**WHAT IS EXPECTED:**
In the entries below, which lines run from the one containing "2018 AUDI SQ5 PRESTI WA1C4AFY9J2136504" to the one containing "Продажа Б/У Лада (ВАЗ) ИКСРЭЙ. Фото: #5"? Copy exactly those lines, ends included, and no others.

─── GIVEN INFORMATION

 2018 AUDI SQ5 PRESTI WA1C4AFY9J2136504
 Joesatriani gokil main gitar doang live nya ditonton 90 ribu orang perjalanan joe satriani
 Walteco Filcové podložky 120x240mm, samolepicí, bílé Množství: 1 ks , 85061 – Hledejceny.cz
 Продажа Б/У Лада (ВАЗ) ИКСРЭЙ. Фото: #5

──────
─── GIVEN INFORMATION

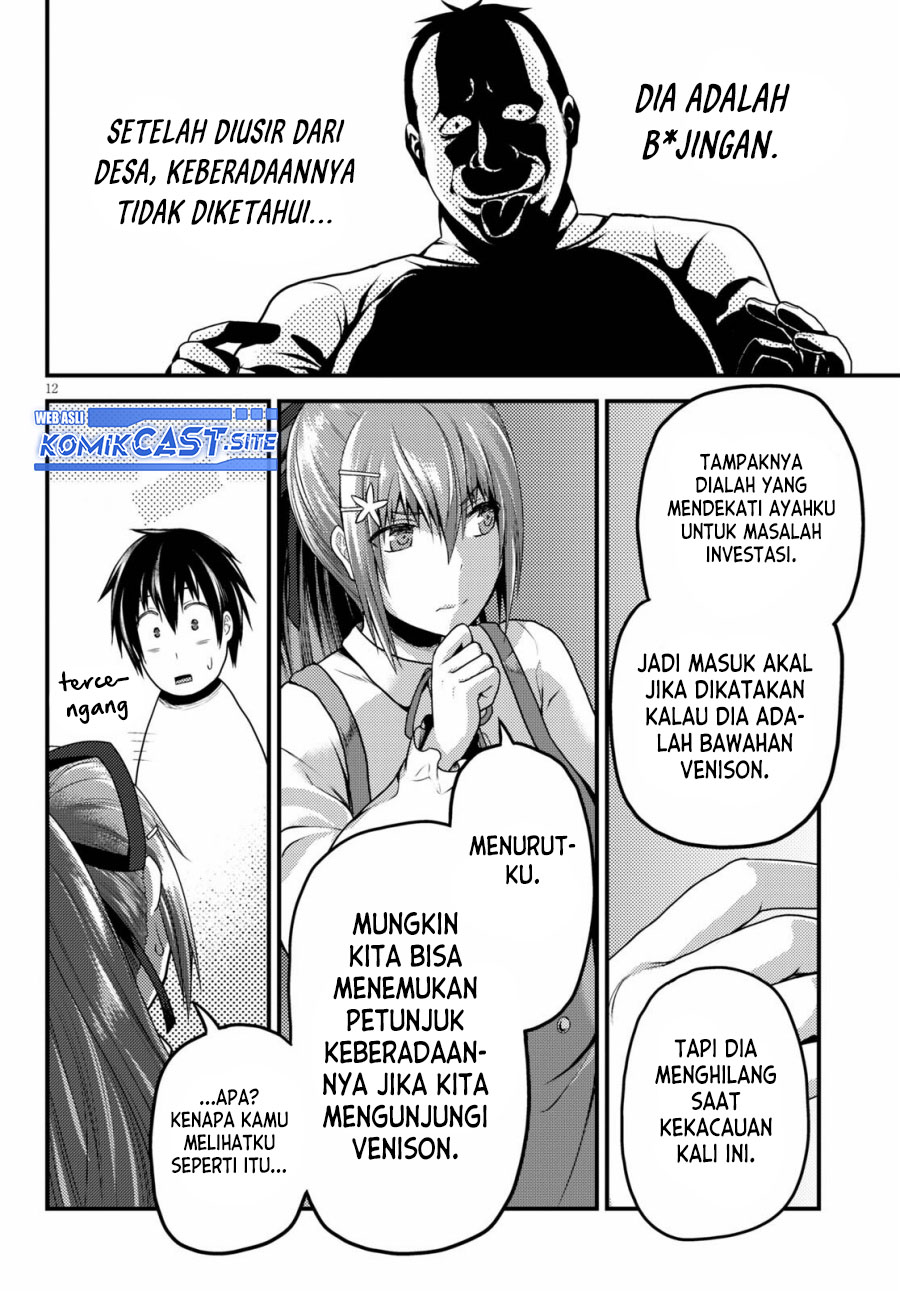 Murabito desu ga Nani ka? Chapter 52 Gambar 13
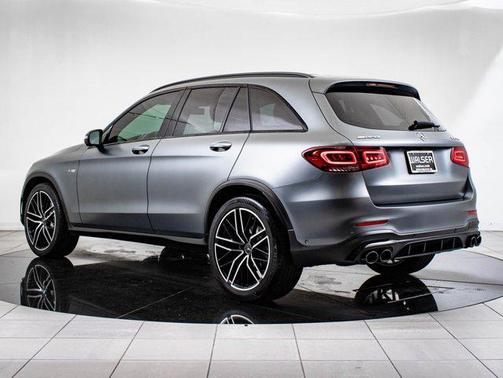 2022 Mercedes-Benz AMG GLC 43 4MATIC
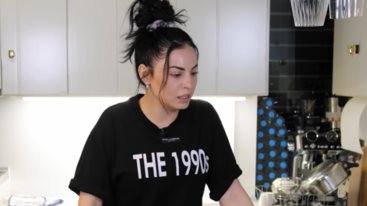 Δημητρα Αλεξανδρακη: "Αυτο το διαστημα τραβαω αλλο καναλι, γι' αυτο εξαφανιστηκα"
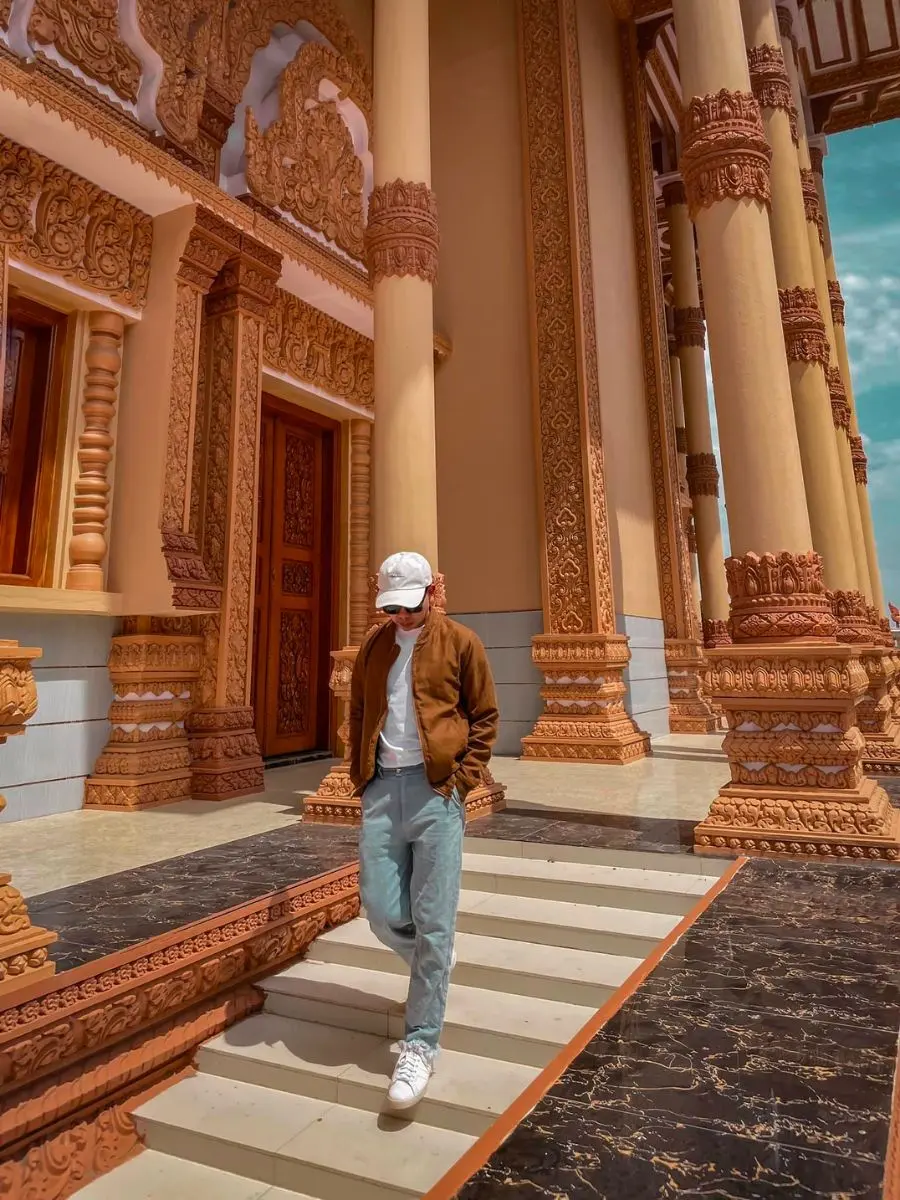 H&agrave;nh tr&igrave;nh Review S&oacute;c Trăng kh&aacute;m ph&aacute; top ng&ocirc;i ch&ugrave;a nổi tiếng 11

──────
─── GIVEN INFORMATION

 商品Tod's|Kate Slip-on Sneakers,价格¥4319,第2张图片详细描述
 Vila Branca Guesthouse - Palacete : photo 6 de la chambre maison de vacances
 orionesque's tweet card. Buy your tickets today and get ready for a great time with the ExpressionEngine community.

──────

**REPLY TO THE EXERCISE:**
 2018 AUDI SQ5 PRESTI WA1C4AFY9J2136504
 Joesatriani gokil main gitar doang live nya ditonton 90 ribu orang perjalanan joe satriani
 Walteco Filcové podložky 120x240mm, samolepicí, bílé Množství: 1 ks , 85061 – Hledejceny.cz
 Продажа Б/У Лада (ВАЗ) ИКСРЭЙ. Фото: #5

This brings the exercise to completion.